The error message shows that the 'op1' column (with quotes) is being looked for, which obviously does not exist. The quotes are there because you passed these values as string parameters.

But that could never work. Parameters are intended to pass literal values, not column names.

The thing you want to do does not go well with parameters. Instead I would suggest the following code.
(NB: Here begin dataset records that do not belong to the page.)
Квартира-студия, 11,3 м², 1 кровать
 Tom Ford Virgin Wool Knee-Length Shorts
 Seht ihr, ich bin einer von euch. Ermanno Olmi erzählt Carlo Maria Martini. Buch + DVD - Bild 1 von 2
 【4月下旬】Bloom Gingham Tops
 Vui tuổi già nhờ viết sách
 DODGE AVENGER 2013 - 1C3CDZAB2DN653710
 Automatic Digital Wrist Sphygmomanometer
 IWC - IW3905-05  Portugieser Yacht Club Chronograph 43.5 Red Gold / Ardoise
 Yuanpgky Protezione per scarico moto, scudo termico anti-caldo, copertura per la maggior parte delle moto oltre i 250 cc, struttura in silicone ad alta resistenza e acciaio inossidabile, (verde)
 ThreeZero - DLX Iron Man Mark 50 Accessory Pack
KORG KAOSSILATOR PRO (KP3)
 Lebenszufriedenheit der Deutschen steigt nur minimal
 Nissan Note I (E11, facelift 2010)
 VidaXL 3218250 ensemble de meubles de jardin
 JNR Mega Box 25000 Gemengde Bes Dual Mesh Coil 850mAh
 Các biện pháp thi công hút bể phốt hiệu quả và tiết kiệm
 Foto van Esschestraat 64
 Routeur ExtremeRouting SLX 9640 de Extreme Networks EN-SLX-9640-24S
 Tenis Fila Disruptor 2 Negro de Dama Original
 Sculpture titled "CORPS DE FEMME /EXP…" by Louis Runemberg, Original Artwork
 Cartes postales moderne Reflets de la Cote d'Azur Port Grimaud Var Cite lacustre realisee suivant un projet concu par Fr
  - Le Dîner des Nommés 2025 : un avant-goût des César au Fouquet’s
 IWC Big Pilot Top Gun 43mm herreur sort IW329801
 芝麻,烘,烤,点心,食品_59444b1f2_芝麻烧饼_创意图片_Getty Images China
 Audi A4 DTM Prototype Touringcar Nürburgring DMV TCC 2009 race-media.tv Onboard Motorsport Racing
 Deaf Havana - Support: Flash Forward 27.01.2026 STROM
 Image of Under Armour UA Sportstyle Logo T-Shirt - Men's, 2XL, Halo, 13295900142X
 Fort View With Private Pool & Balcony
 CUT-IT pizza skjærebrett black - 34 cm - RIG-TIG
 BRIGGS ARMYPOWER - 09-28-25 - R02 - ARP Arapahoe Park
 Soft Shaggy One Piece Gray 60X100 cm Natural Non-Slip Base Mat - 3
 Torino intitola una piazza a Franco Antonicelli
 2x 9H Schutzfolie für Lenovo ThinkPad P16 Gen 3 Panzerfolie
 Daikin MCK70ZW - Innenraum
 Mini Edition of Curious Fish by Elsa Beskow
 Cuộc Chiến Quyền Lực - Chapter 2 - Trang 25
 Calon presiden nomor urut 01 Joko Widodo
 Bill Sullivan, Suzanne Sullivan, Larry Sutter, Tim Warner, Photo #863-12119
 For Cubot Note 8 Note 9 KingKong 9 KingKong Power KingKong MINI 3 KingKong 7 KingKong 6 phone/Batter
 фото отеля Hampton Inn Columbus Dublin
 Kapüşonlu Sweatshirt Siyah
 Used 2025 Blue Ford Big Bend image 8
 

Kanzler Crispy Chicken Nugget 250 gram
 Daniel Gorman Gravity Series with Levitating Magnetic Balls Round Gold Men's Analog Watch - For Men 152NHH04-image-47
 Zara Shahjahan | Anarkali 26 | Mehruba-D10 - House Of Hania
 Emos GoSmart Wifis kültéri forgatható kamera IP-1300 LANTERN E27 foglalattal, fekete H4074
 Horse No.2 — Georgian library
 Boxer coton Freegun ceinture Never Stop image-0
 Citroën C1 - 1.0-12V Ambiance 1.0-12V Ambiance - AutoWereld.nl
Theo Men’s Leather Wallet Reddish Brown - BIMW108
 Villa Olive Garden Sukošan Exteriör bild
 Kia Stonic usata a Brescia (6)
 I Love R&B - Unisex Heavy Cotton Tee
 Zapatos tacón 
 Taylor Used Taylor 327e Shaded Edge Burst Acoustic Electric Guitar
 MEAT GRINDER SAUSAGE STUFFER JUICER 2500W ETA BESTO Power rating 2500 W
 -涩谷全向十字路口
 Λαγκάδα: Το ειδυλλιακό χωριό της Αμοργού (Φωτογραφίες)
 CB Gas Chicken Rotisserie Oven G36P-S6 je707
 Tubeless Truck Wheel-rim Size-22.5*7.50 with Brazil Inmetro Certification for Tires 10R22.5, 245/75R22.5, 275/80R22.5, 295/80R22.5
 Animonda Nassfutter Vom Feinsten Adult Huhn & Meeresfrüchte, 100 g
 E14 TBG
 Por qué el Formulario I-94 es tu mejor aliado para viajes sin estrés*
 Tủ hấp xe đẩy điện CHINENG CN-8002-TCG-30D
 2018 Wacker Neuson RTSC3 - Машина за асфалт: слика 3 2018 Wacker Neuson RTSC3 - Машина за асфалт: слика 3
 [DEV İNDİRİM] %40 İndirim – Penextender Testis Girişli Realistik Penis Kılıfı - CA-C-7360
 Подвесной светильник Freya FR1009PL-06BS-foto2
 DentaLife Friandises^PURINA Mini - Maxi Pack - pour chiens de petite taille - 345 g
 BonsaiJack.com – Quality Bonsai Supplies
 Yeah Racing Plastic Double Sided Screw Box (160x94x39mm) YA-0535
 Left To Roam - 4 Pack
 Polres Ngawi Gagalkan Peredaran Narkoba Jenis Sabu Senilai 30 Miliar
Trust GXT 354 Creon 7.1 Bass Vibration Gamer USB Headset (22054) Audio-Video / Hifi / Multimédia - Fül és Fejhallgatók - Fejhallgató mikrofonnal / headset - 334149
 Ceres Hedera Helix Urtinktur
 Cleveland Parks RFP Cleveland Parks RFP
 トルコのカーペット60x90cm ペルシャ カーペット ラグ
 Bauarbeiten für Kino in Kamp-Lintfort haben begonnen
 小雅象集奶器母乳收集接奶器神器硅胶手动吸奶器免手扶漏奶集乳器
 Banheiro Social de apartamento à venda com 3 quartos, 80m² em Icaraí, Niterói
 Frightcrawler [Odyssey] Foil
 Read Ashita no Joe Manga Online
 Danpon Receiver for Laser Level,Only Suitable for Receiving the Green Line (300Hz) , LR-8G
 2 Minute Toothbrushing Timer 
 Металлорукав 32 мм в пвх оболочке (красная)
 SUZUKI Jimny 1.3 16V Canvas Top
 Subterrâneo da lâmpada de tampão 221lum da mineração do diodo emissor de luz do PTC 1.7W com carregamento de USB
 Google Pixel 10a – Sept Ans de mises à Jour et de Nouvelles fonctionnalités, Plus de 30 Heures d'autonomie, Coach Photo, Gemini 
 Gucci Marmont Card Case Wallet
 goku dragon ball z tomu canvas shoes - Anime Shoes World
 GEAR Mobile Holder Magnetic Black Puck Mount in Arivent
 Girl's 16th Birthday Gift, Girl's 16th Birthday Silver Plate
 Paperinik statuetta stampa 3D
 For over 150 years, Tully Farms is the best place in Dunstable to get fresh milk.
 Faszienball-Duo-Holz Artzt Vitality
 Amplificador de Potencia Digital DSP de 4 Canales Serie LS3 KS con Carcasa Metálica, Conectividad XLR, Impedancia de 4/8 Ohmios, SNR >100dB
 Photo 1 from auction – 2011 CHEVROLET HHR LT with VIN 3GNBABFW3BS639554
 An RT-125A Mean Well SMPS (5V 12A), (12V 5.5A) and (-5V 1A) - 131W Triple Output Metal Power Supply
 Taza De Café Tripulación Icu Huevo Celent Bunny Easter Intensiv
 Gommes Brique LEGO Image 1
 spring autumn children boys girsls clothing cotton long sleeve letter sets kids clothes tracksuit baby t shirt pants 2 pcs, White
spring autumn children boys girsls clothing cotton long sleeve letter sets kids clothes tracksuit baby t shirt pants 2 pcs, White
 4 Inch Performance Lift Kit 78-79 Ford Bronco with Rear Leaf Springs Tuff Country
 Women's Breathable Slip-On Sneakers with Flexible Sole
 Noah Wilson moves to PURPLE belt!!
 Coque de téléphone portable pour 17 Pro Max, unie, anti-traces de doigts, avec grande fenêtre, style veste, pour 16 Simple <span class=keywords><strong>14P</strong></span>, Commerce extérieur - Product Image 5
Comments should clarify each step:

// Generate array of valid column names
$columns = array_map(function ($i) { return "op$i"; }, range(1,24));

// Ensure the provided data is acceptable -- remove what is not:
$fila = $_POST['ends'] == 'Yes' ? 'Yes' : 'No'; // only Yes or No are allowed
$fini = array_intersect($columns, $_POST['chk']); // only real column names are allowed

// You need to treat the case when no checkboxes are checked: 
if (count($fini) == 0) die("You need to check at least one checkbox.");

// Make $fila also an array with just as many elements as $fini, and wrap 
// each value (Yes or No) in quotes:
$fila = array_fill(0, count($fini), "'$fila'");

// turn both arrays into comma-separated strings, and compare tuples
$sql = "SELECT * FROM priv 
        WHERE (" . implode(',', $fini) . ") = (" . implode(',', $fila) . ")";

$stmt = $con->prepare($sql);
$stmt->execute(); // no parameters
// ... etc...

Considerations

It is not so good practice to design a database table with 24 columns which serve a similar purpose. Instead you should normalise your database, and put these values in rows instead of in columns.